- [ACTION ITEM]:
From the first line of the entries below through the line bearing "Now I'm going", write out each line exactly. Omit pictures.

- [SUPPLIED INFORMATION]:

┌──

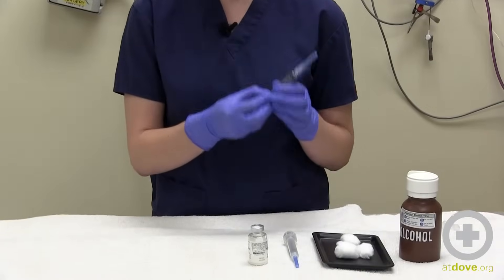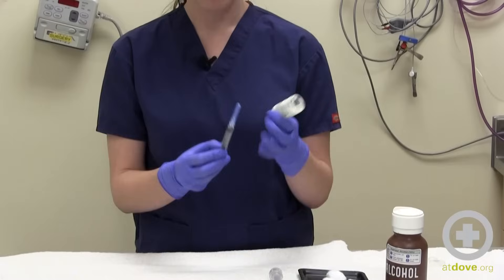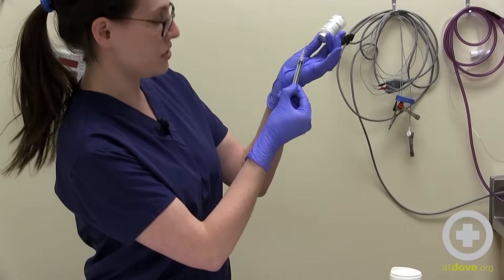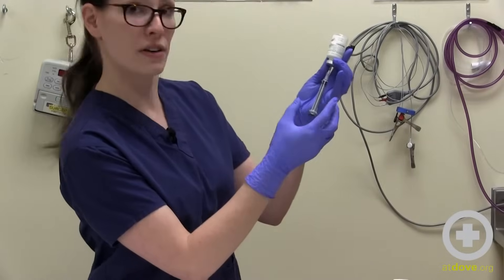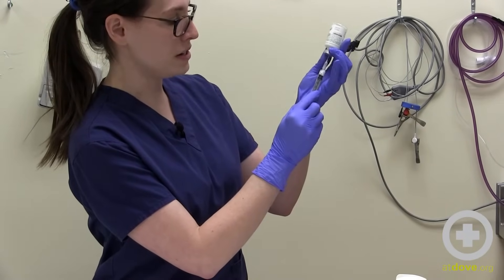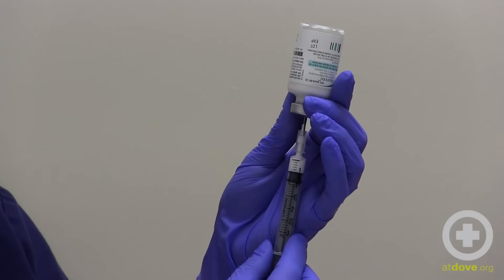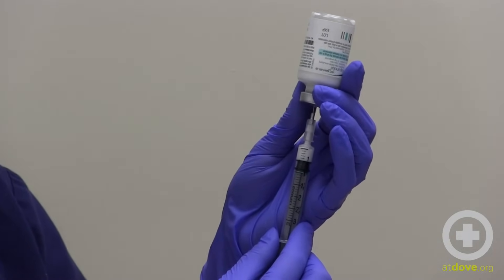Here we're going to be drawing up a half a mil. Take your bottle and put it upside down. You're going to carefully take your cap off and then carefully insert your needle into the center of the vial, just so it goes in. Then you're going to pull back on the plunger until you get your syringe to be exactly at the half line. You want the top of your black syringe plunger to be right at the mark that you're drawing up to.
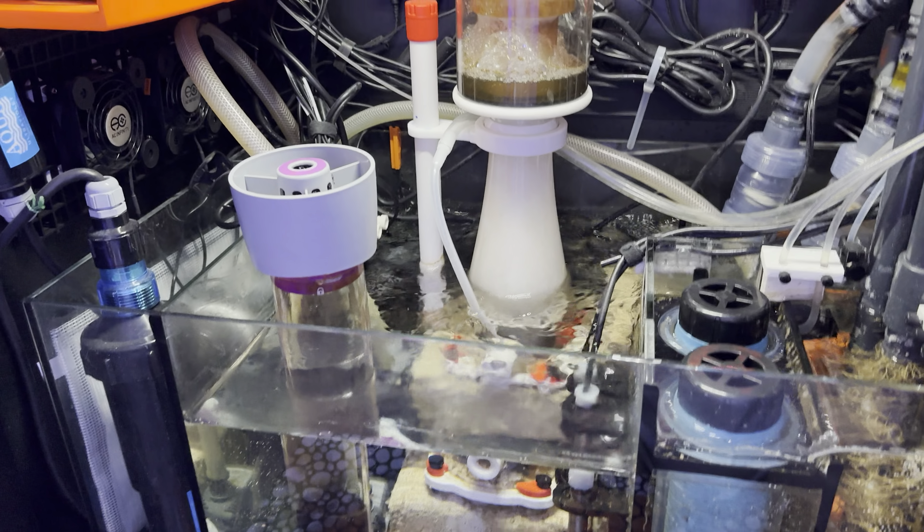I've got a backup pump set to the same flow rate, so even if the Core 15 gave out, nothing would change — it would just remain at this calm, steady clip.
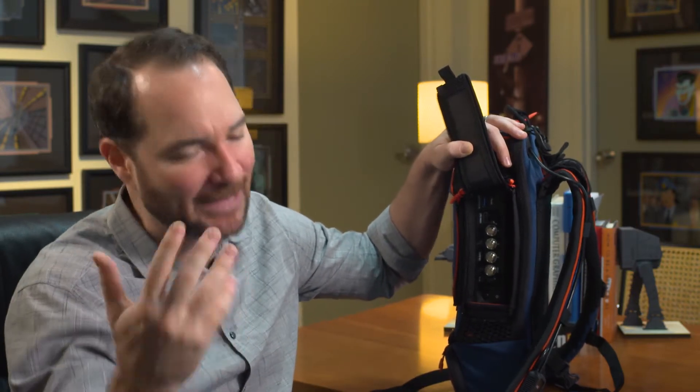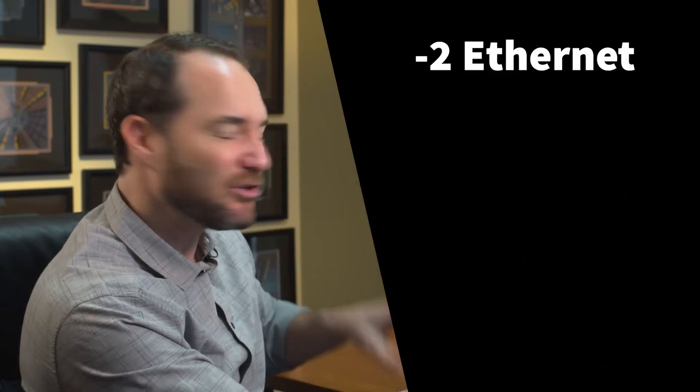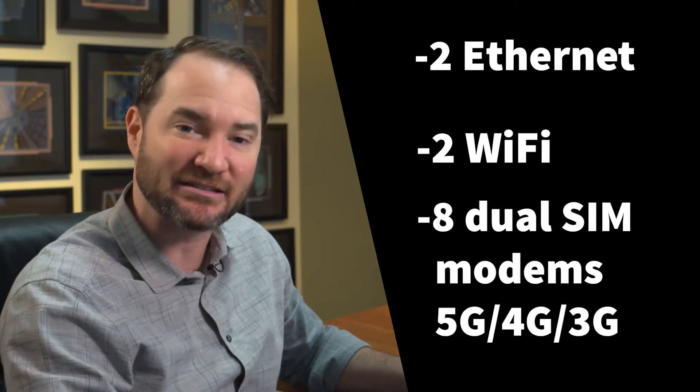Using the public internet to transmit your signals encapsulated in LiveU's special LRT technology, you can have one 4K camera or four HD cameras out there producing in the field with your team back in the studio. Contribution or distribution over the public internet thanks to bonded cellular, bonded network, bonded Wi-Fi. We've got two wired LAN connections, two Wi-Fi connections, and eight 4G LTE SIM cards installed into this device.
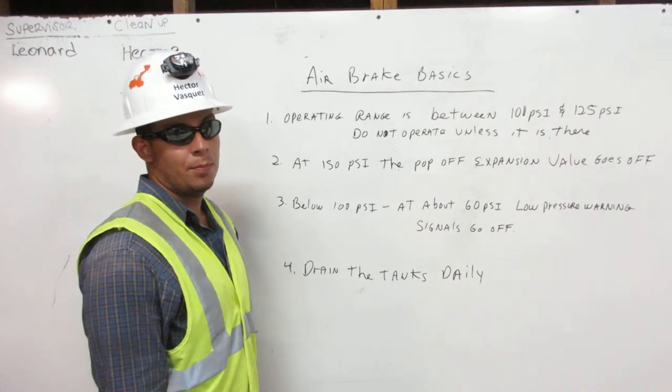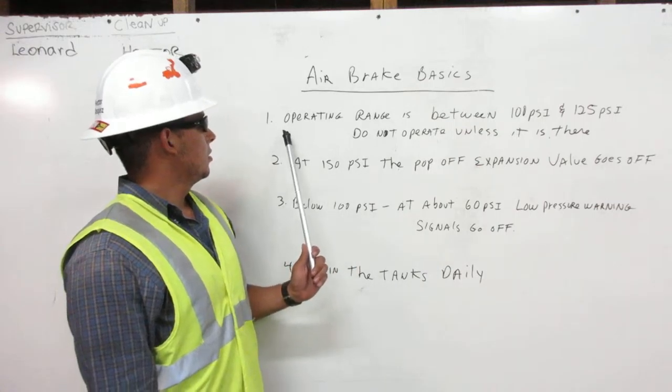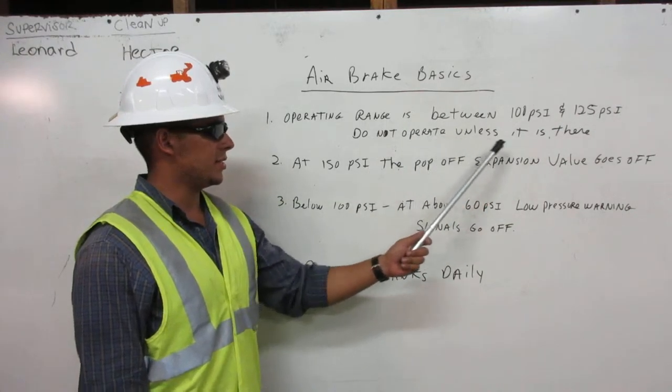I'm Hector Vasquez, Heavy Equipment Operator, and I'm going to explain to you the air brake basics. Number one, operating range is between 100 psi and 125 psi. Do not operate unless it is there.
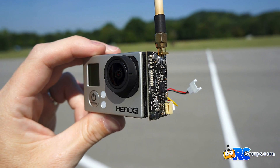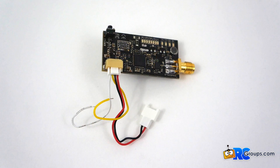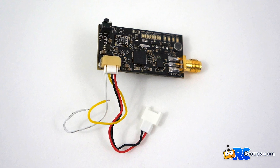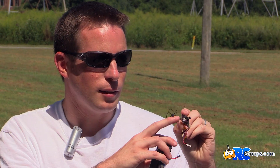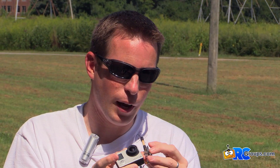You have a power lead for a single cell lithium battery pack, and then you've got a yellow and white lead for video and audio that you can connect to basically any camera externally. But the cool feature is it's got built-in USB and HDMI ports that allow it to plug right into the GoPro Hero 3 camera.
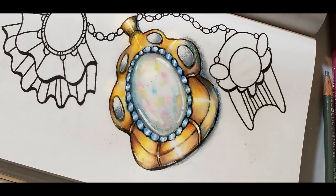So here is my opal. I will see you guys tomorrow. Take care. Bye-bye.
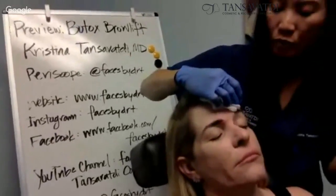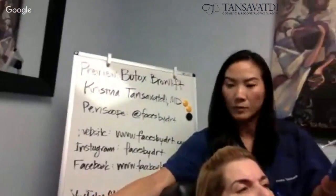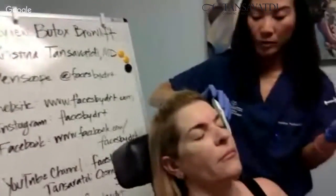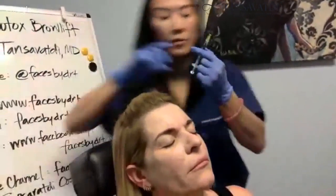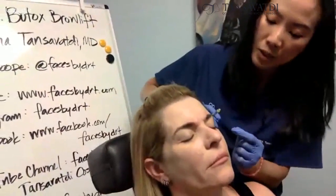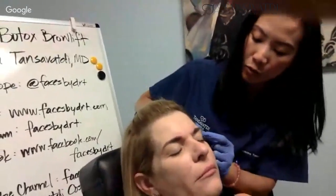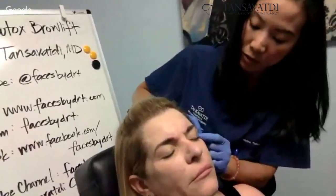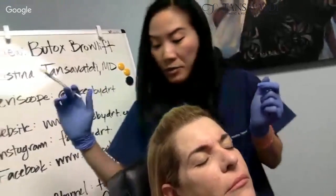Now I'm going to do the outside of her brows. Squint. Relax. So this is a portion of the orbicularis, and a little bit lower too, even, and just get a little bit of the crow's feet with that. That was that injection.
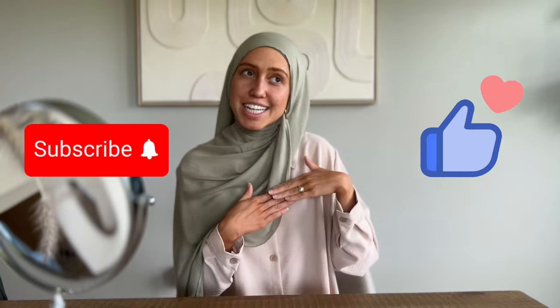Bismillah, let's get started. Please don't do this style injustice by wearing it with a wrinkly hijab — iron your hijabs, steam your hijabs. I'm also going to remind you to hit that subscribe button and that like button if you're feeling extra generous.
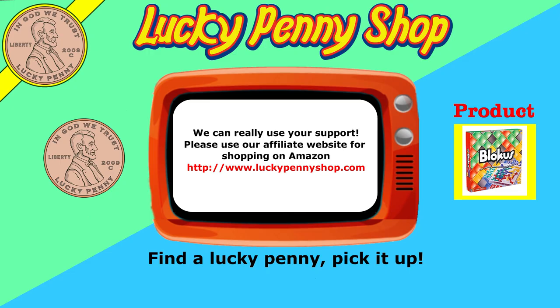If you're looking for the item you just saw in the video, click here. Watch more videos by clicking here. Don't forget to share on social media and give a thumbs up. Please click here to subscribe to Lucky Penny Shop, and always remember: when you see a lucky penny, pick it up. I'll see you next time!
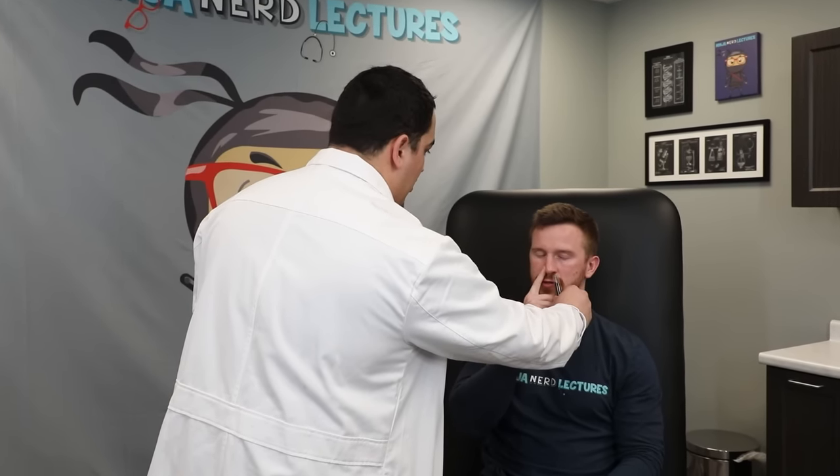Now I'll have him close his eyes, cover his right nostril, and I'm going to present a particular smell and ask him to identify it. What do you smell? Smells like coffee — perfect. That indicates intact olfactory nerve function. We'll do the other side the same way. What do you smell? That's cinnamon — perfect. So the olfactory nerve is intact on both sides.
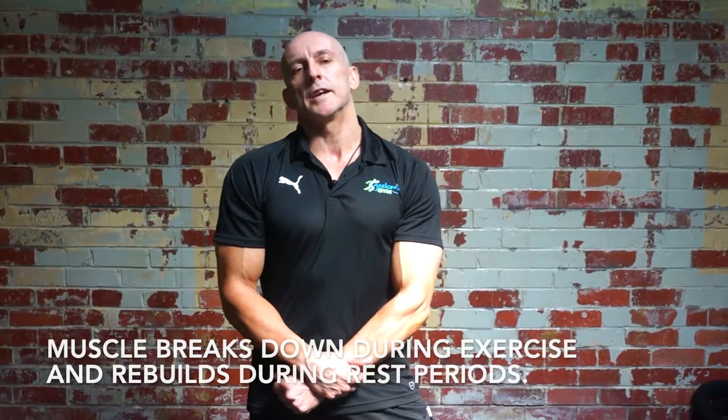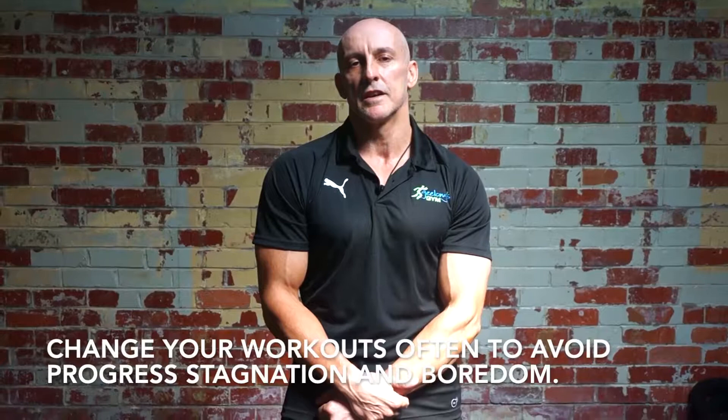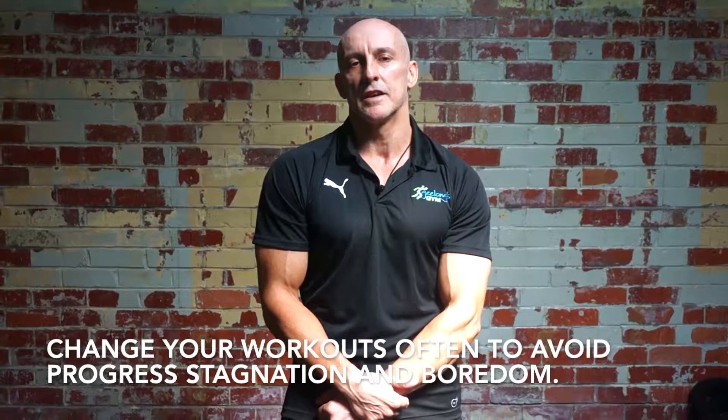Keep in mind our bodies are pretty smart and they get used to your workouts. So it's always good to change it up every now and then by doing different tempo training, different rep ranges — and it also stops you from getting bored as well. I'll see you next time on Coach's Corner.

└──

- [OUTPUT FOR THIS TASK]:
Here we're going to be drawing up a half a mil. Take your bottle and put it upside down. You're going to carefully take your cap off and then carefully insert your needle into the center of the vial, just so it goes in. Then you're going to pull back on the plunger until you get your syringe to be exactly at the half line. You want the top of your black syringe plunger to be right at the mark that you're drawing up to.
I've got a backup pump set to the same flow rate, so even if the Core 15 gave out, nothing would change — it would just remain at this calm, steady clip.
Using the public internet to transmit your signals encapsulated in LiveU's special LRT technology, you can have one 4K camera or four HD cameras out there producing in the field with your team back in the studio. Contribution or distribution over the public internet thanks to bonded cellular, bonded network, bonded Wi-Fi. We've got two wired LAN connections, two Wi-Fi connections, and eight 4G LTE SIM cards installed into this device.
I'm Hector Vasquez, Heavy Equipment Operator, and I'm going to explain to you the air brake basics. Number one, operating range is between 100 psi and 125 psi. Do not operate unless it is there.
You have a power lead for a single cell lithium battery pack, and then you've got a yellow and white lead for video and audio that you can connect to basically any camera externally. But the cool feature is it's got built-in USB and HDMI ports that allow it to plug right into the GoPro Hero 3 camera.
So here is my opal. I will see you guys tomorrow. Take care. Bye-bye.
Now I'm going to do the outside of her brows. Squint. Relax. So this is a portion of the orbicularis, and a little bit lower too, even, and just get a little bit of the crow's feet with that. That was that injection.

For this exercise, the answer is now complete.